- Interactive map of district boundaries from the 2023 state election
- State: New South Wales
- Dates current: 2007–present
- MP: Adam Crouch
- Party: Liberal Party
- Namesake: Terrigal
- Electors: 58,056 (2023)
- Area: 128.45 km^{2} (49.6 sq mi)
- Demographic: Provincial
Electorates around Terrigal:
| The Entrance | The Entrance | Pacific Ocean |
| Gosford | Terrigal | Pacific Ocean |
| Pittwater | Pacific Ocean | Pacific Ocean |

= Electoral district of Terrigal =

Terrigal is an electoral district of the Legislative Assembly in the Australian state of New South Wales. It is represented by Adam Crouch of the Liberal Party.

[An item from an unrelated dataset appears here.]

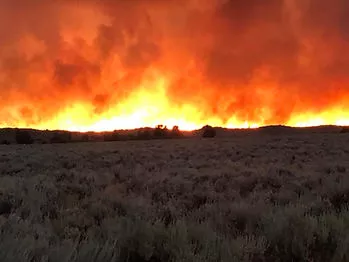 Photo credit Charles Kator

It includes the affluent southeastern suburbs of the Central Coast Council in the Central Coast region. Terrigal has never won by the Labor Party; however it became a marginal seat following the 2023 election.

==History==
Terrigal was created at the redistribution prior to the 2007 election and consisted of much of the district of Gosford, then held by Chris Hartcher for the Liberal Party, while Gosford absorbed most of the former district of Peats, then held by Marie Andrews for the Labor Party. Antony Green describes the redistribution as effectively being that Gosford was renamed Terrigal while Peats was renamed Gosford.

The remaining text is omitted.